The academic or teaching center offers special considerations and challenges regarding hospital and departmental efficiency. The combination of housestaff with medical students changes the efficiency dynamic immeasurably.
The large teaching institution may have 500 – 1000 inpatient beds with as many as 500 – 1000 staff physicians accompanied by 100 – 500 residents in training. This adds tremendous variability to the credentialing process, providing additional areas of uncertainty.
The residents themselves also have varying degrees of expertise and motivation. Remember, good training attracts the best quality housestaff, providing a more predictable work product. There is a commonly held belief that having housestaff provides greater efficiency. In fact, some staff physicians will not admit to a hospital without housestaff to write the orders and see the patient in the evening. This allows the attending physician to have a 9 – 5 workday practice within some limits if they wish.
Hospitals view them as a “bargain” as well. In 2008, the average salaries of the housestaff ($42,000) were one-half the cost of a midlevel practitioner ($72,000) and one-third that of an employed physician ($160,000). The housestaff have less rights than either other group in the workplace, and only recently has there been legislation to regulate housestaff work conditions.
In reality, the efficiency of these hospitals can be decreased with the additional layer of residents and in some cases fellow level decisionmakers; they can facilitate the care process, but can often slow the patient care processing as well. This observation is often borne out in the prolonged ED average turnaround times [TAT] (2.5 versus 4.5 hours) or hospital length of stay (3.5 days versus 5.5 days).1
The Accreditation Counsel for Graduate Medical Education (ACGME) recommends a maximum faculty supervision rate of 4.5 residents per faculty member.2 There is a medicolegal risk as well as if physicians-intraining are substituted for staff physicians. A large pediatric emergency department that increased attending physician coverage four-fold, from 7600 to 26,820 hours annually, was associated with a 42% decrease in malpractice cases.1 They found an improvement in attending physician patient evaluation from 15 to 100% of cases. The total legal financial disbursements decreased from $807,500 (an average of $73,406 per closed claim) to $450,000 (an average $64,256 per closed claim) in 1987 – 90.

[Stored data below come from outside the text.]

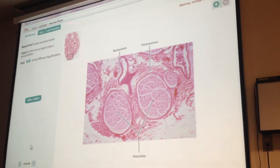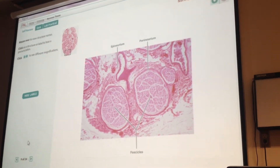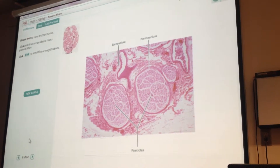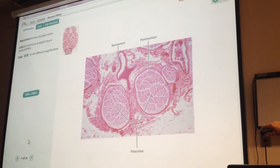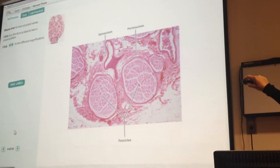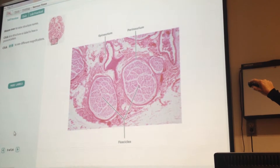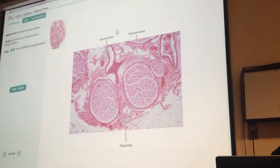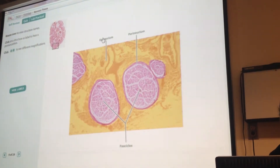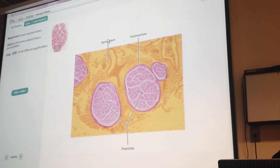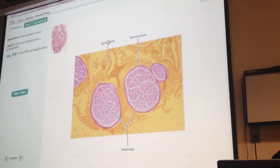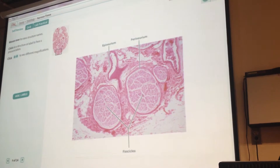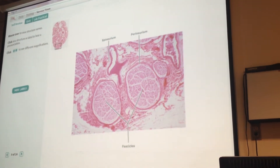So around the whole nerve is that epineurium — epineurium around the whole thing. Is that mislabeled then? Why does that say epineurium right here? Let's ignore that — I think that's wrong.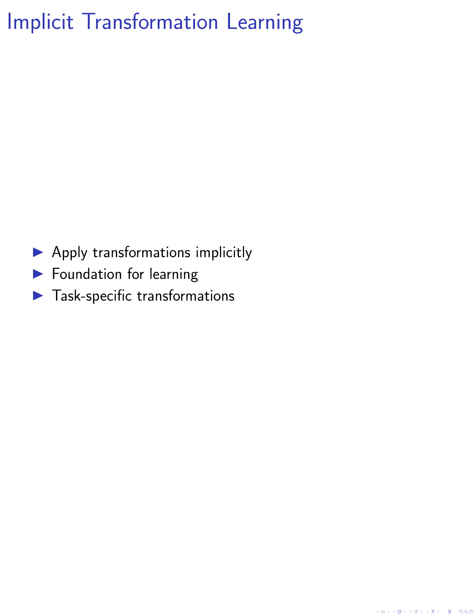Firstly, we require the model to implicitly apply transformations from input-output examples to new queries to ensure successful adaptation to different tasks. This initial step sets the foundation for the model to learn and apply task-specific transformations effectively.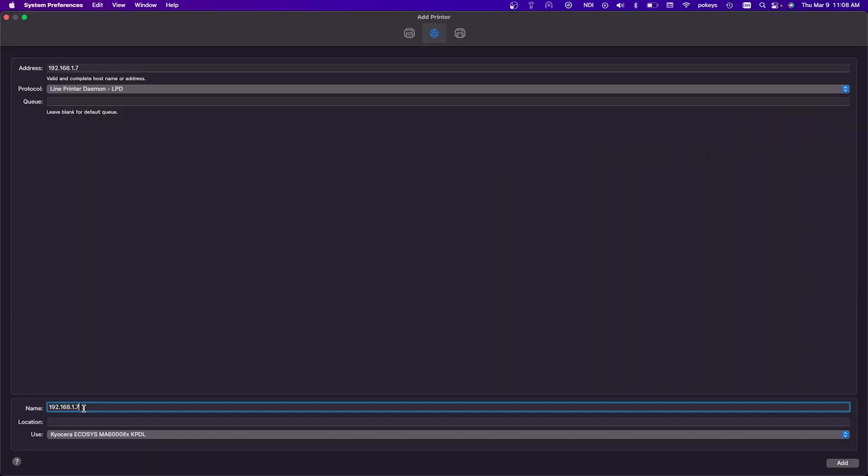At the bottom of the page, type in the name you wish to give your new printer. You can change the name of the printer to whatever you want. In our example, we will type in my Kyocera printer.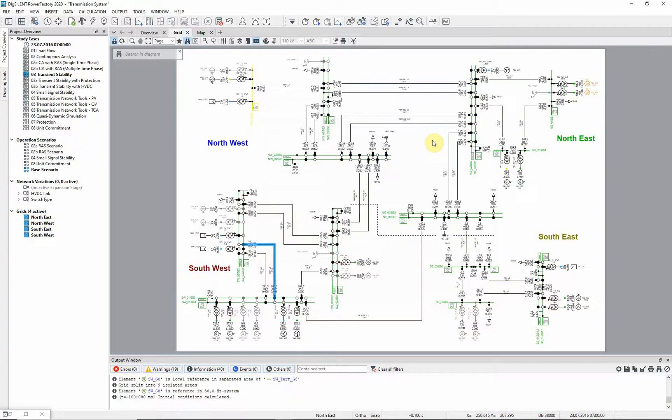Now all the signals of the models are initialized based on the load flow solution. If no load flow results are available, a load flow will automatically be run first.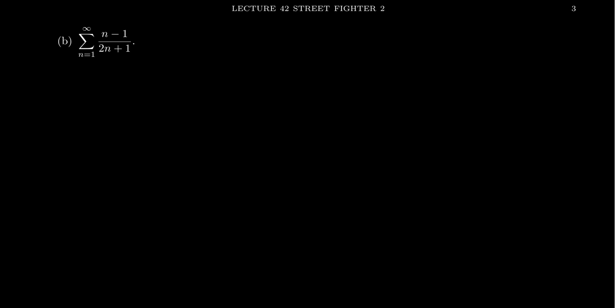Now for me personally, what I'm thinking is the following. I have a rational expression here for the sequence, n minus 1 over 2n plus 1. If I focus just on the leading terms, I have this n over 2n, this sequence is approximately the same thing as 1 half. So a comparison of some kind might be useful.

Obviously, the presence of full-time attending coverage in a pediatric ED appears to decrease the frequency of malpractice litigation, as well as the amount of claims disbursement.
Therefore, although there appears to be a cost savings, in fact additional supervisory staff can most often be employed to transfer the residents from a primary to the auxiliary care role.
The patient interface is an interesting one as well, spanning the spectrum of acceptance. A minority of patients and families are not accepting of the medical training system, “not wanting anyone to practice on them.” Likewise, others are very happy to talk to residents and often enjoy the youthful enthusiasm of trainees and students and are proud of their “interesting case” status.
An interesting patient – physician interface was explored, examining senior ED resident preferences for their own personal healthcare. 75% of the residents stated that they were willing to be seen by unsupervised residents for minor illness or injury, 50% for moderate conditions, but only 20% for major conditions.3 The willingness to be seen increased with a hypothetical 2-hour care delay, before an attending physician could be consulted.
Ironically, the residents who were willing to be seen by a midlevel provider was decreased at all levels of severity. This was modified in that 84% were willing to be seen by a non-physician if a subsequent physician exam would occur, but only 50% would allow care by a midlevel if there was no subsequent physician evaluation.
The dual standard issue raised is inherently obvious. Either way, it is helpful to understand the benefits and detriments of the addition of housestaff to the hospital care delivery system.
1. Press, S., Cantor, J., Russell, S., Jerez, E. “Full-time attending physician coverage in a pediatric emergency department: effect on risk management.” Archives of Pediatrics & Adolescent Medicine 1994; 148(6): 578 – 81.
2. Accreditation Council for Graduate Medical Education (ACGME). Emergency Medical Guidelines. ACGME 2000 – 2007.
3. Larkin, G.L., Kantor, W., Zielinski, J.J. “Doing unto others? Emergency medicine residents’ willingness to be treated by moonlighting residents and nonphysician clinicians in the emergency department.” Academic Emergency Medicine 2001; 8(9): 886 – 92.